Il ne cherche plus, comme il le faisait précédemment, à rien cacher à Dieu, car
il n’y a plus de « fraude » dans son coeur, comme quand il prétendait s’approcher
de Dieu, dans son état d’inconversion (voy. Ps. 32:1-2). Le poids énorme qui
pesait sur sa conscience a disparu ; la paix, la faveur de Dieu lui sont
acquises. Tel est le premier bonheur.
* * *
Le deuxième bonheur peut être
défini ainsi : le bonheur actuel
dans la marche
. Il commence
après la conversion et nous accompagne jusqu’au moment où nous quittons ce
monde pour être auprès du Seigneur. L’intervalle entre ces deux moments, qui
comprend de fait tout notre vie chrétienne, la Parole nous le dépeint comme un bonheur perpétuel
. Ah ! direz-vous, rien n’est moins vrai que ce que vous
dites-là ! Ne trouvons-nous pas dans ce monde des tristesses, des deuils,
des pertes, des souffrances perpétuelles, des désillusions, des tentations où
nous succombons, des combats où nous sommes vaincus ? Appelez-vous cela le
bonheur ? Oui, certes
,
si
vous vous mettez en route avec votre bonheur initial ; non
, à coup
sûr, si vous marchez en reniant votre origine.
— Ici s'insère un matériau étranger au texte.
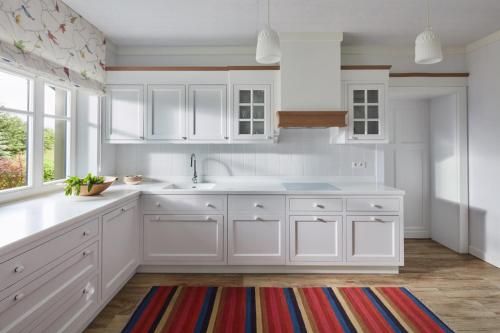 a kitchen with white cabinets and a colorful rug at Siedlisko Wnukowo in Szczechy Małe
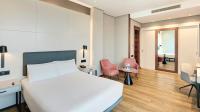 A bed or beds in a room at Sercotel Sorolla Palace
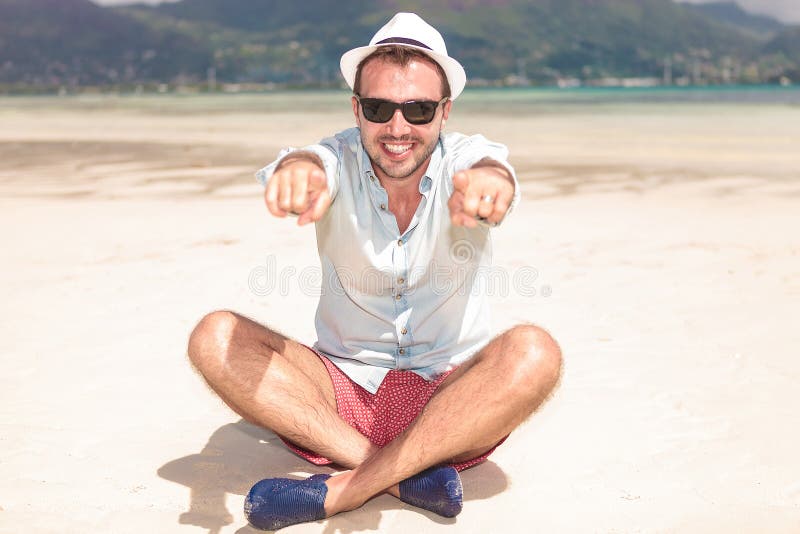 Happy Seated Young Man Pointing His Fingers Stock Photo - Image of ...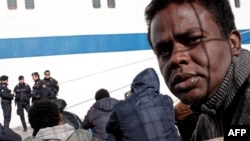 Migrants wait at the port of Lampedusa to board a ferry bound for Porto Empedocle in Sicily, Italy, Feb. 20, 2015. 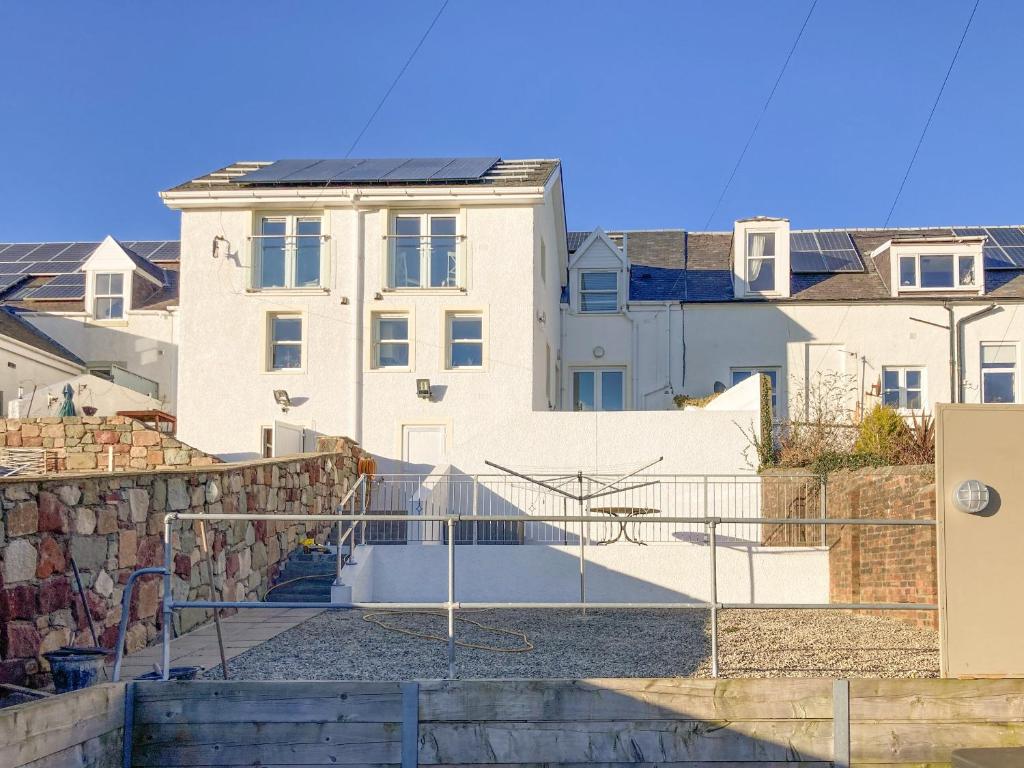 a white building with stairs in front of it at Ardstinchar Mews in Ballantrae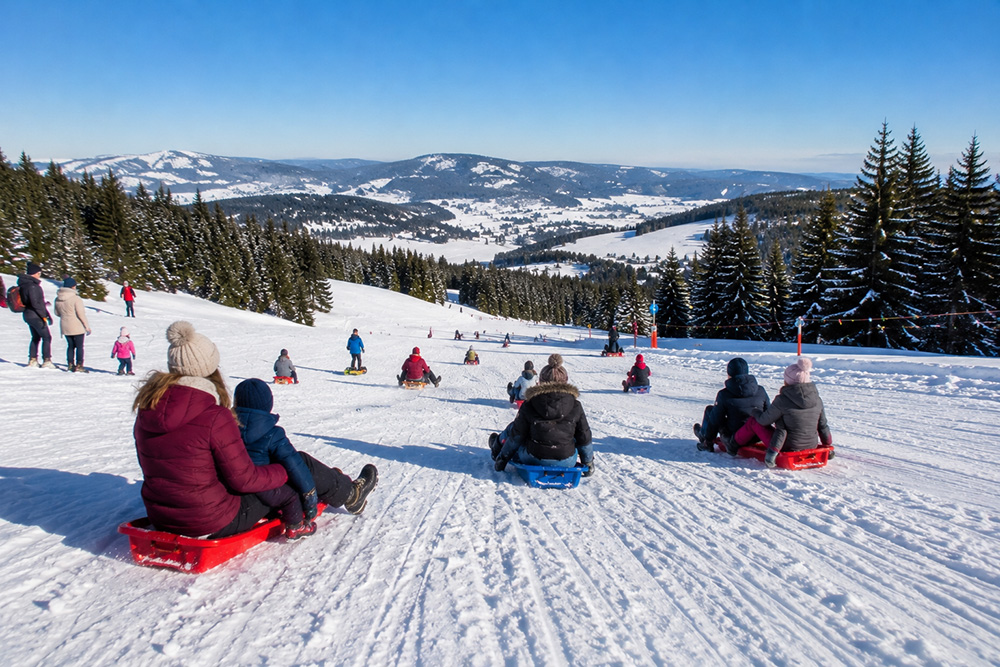 Descente en luge sur une piste enneigée du Haut-Jura avec vue sur les montagnes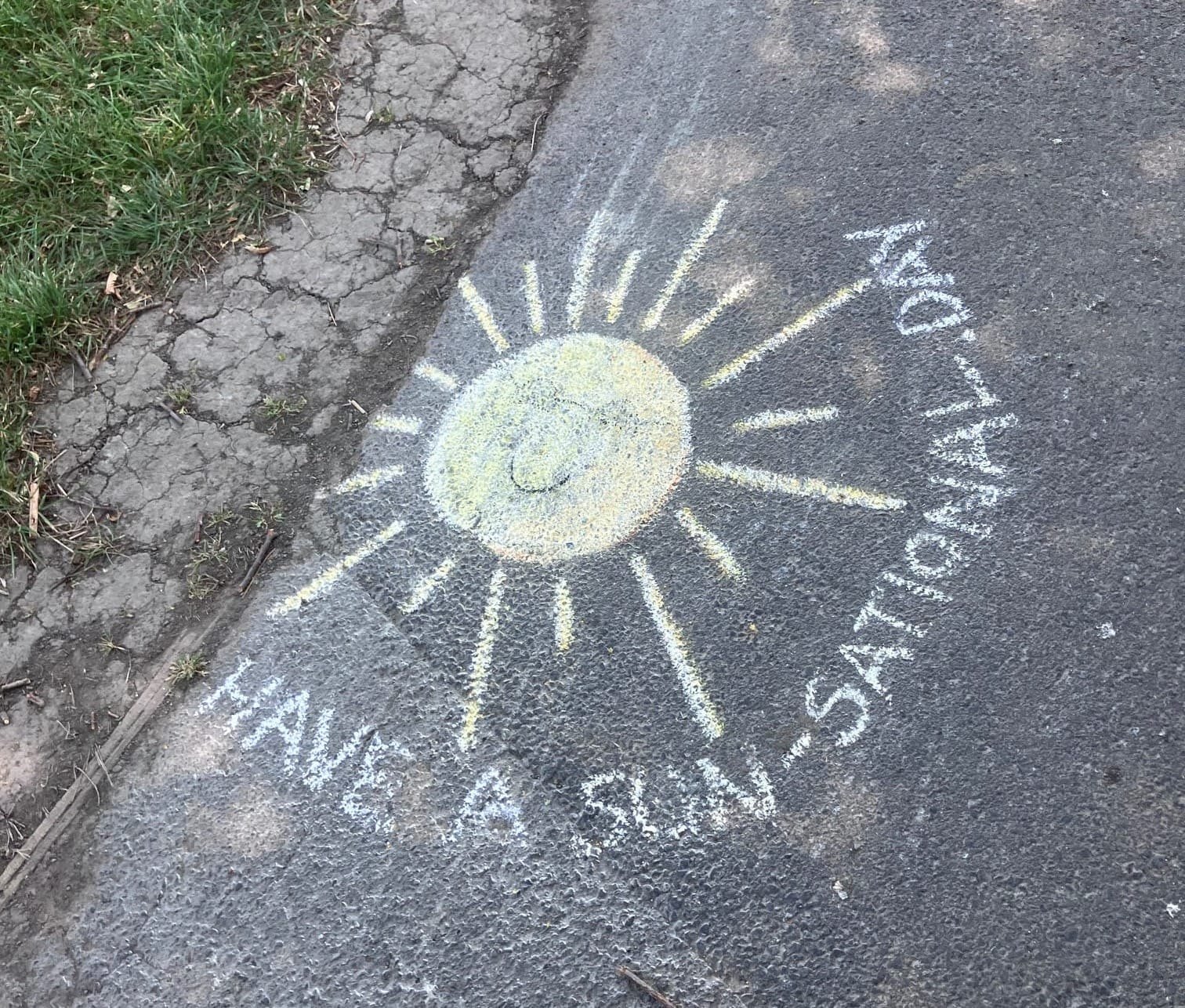 A yellow chalk sun with a smiling face with the words "Have a sun-sational day".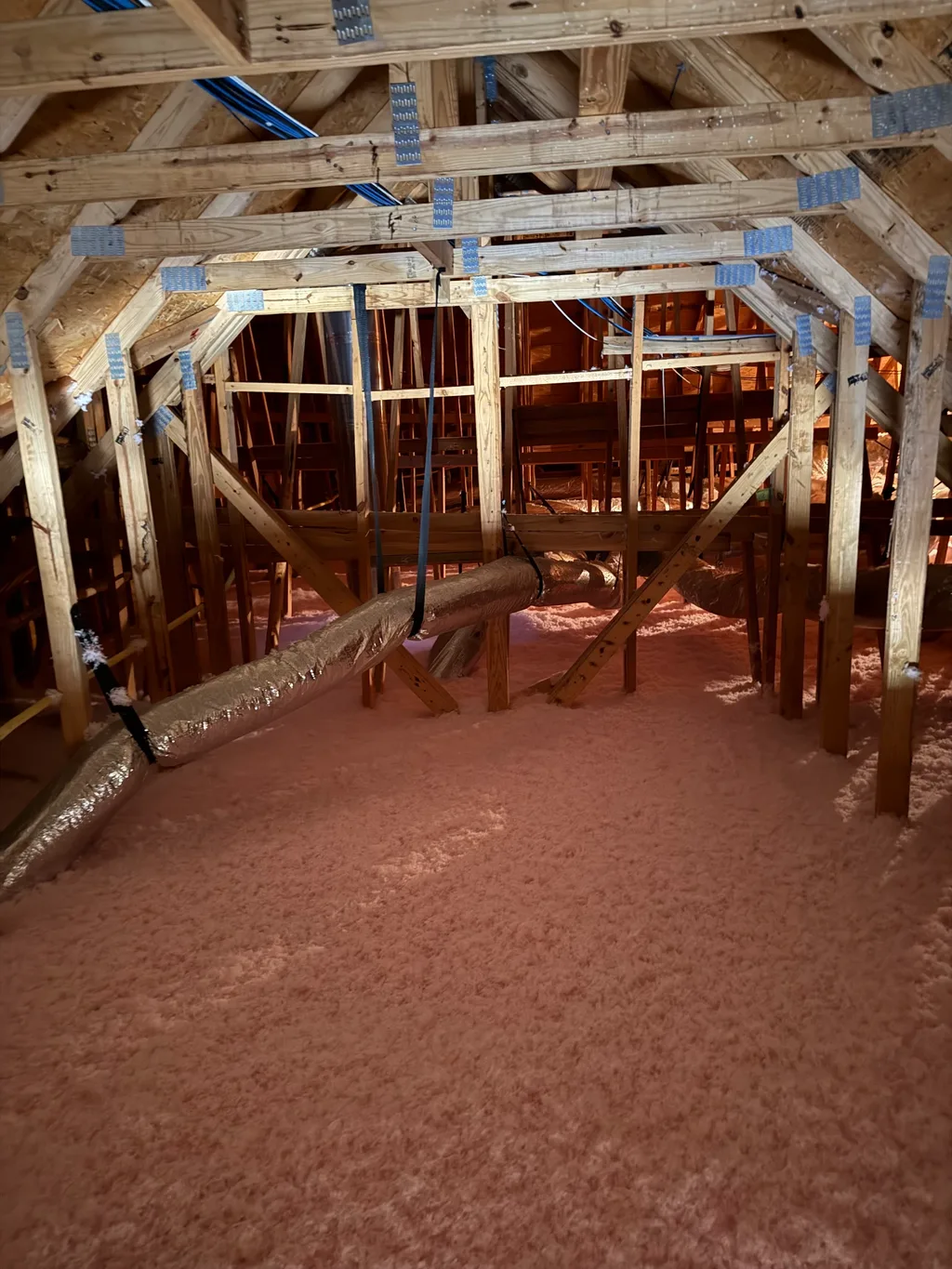 Loose-fill fiberglass insulation blown across an attic floor around framing and flexible ductwork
D’où vient que l’épître aux
Philippiens, dont le sujet est précisément l’expérience chrétienne dans la
marche, ne nous parle que
de joie,
jamais de malheur, et nous décrive le racheté comme capable de marcher « sans
broncher jusqu’au jour de Christ » ? D’où vient que l’épître aux Hébreux ne
nous parle jamais du péché que comme aboli, et du chrétien, que comme capable
de le rejeter et d’aboutir victorieusement au terme de son témoignage ?
(voy. aussi Jude 24).
Telle est la marche chrétienne.
Idéale,
direz-vous. Non pas, mais normale
. Comprenez-vous maintenant pourquoi elle peut être une marche
bienheureuse d’un bout à l’autre ?
C’est ce que Dieu attend de
nous ; il a tout préparé pour cela ; il a ôté tout obstacle à la
réalisation de ce bonheur. Ne sommes-nous pas entièrement purifiés par le sang
de Christ, justifiés par la foi, scellés du Saint Esprit ? N’avons-nous
pas la vie éternelle et la puissance de cette vie ? Ne sommes-nous pas
ressuscités avec Christ, assis en Lui dans les lieux célestes ? L’amour de
Dieu n’est-il pas versé dans nos coeurs ? Sans doute, nous avons la chair,
le péché, le vieil homme en nous, mais nous ne sommes plus dans la chair. Dieu
nous donne le droit de nous tenir pour morts au péché, parce que le péché dans la chair
a été condamné en
Christ sur la croix. Christ est mort une fois pour toutes au péché et il vit à
Dieu ; et moi aussi je puis me tenir moi-même pour mort au péché et vivant
à Dieu dans le Christ Jésus.
Toute raison pour être malheureux dans la chair m’est donc ôtée ; et,
Christ vivant en moi, toute raison d’être bienheureux m’est fournie.
Voyons maintenant, après
avoir accentué l’entière capacité du nouvel homme pour être heureux, où et
comment se montre le bonheur chez le chrétien. Avez-vous remarqué que les
Psaumes qui nous présentent toutes les sortes de souffrances pouvant assaillir
et accabler les saints, sont le livre où il nous est plus souvent parlé de
bonheur que dans tout le reste de la Bible ? Pourquoi ? C’est que la
souffrance est le moyen employé pour nous faire jouir du bonheur dans la
manifestation de toutes les qualités du nouvel homme : dans la dépendance,
dans la confiance, dans l’humilité, dans la sainteté, dans le repos, dans la
force, trouvée en Lui seul et nous permettant de marcher de force en force,
dans la liberté des relations ininterrompues avec Dieu, même dans la discipline
qui a pour but de nous faire
rentrer dans ce chemin bienheureux si nous nous en écartons.
Ces qualités morales du
fidèle représentent, sauf la dernière
, les caractères de Christ lui-même.
Comment ne trouverions-nous pas notre bonheur à les réaliser dans le
développement journalier de toutes les perfections du parfait serviteur :
dévouement, débonnaireté, justice, sainteté, paix, vérité, sympathie, miséricorde,
amour ? Comment ne pas être heureux si, dans la mesure où nous manifestons
ces choses, nous souffrons de la part du monde ? Christ a traversé ces
souffrances dans une paix parfaite et dans une joie accomplie qu’il nous a
laissées et données. Nous pouvons donc les traverser de la même manière, nous
qui avons reçu de Lui la nature divine, la vie éternelle et le Saint Esprit,
puissance de cette vie.
Et comment, en outre, ne jouirions-nous pas de notre bonheur, quand, au milieu des tribulations nous sommes puissamment soutenus par l’espérance ?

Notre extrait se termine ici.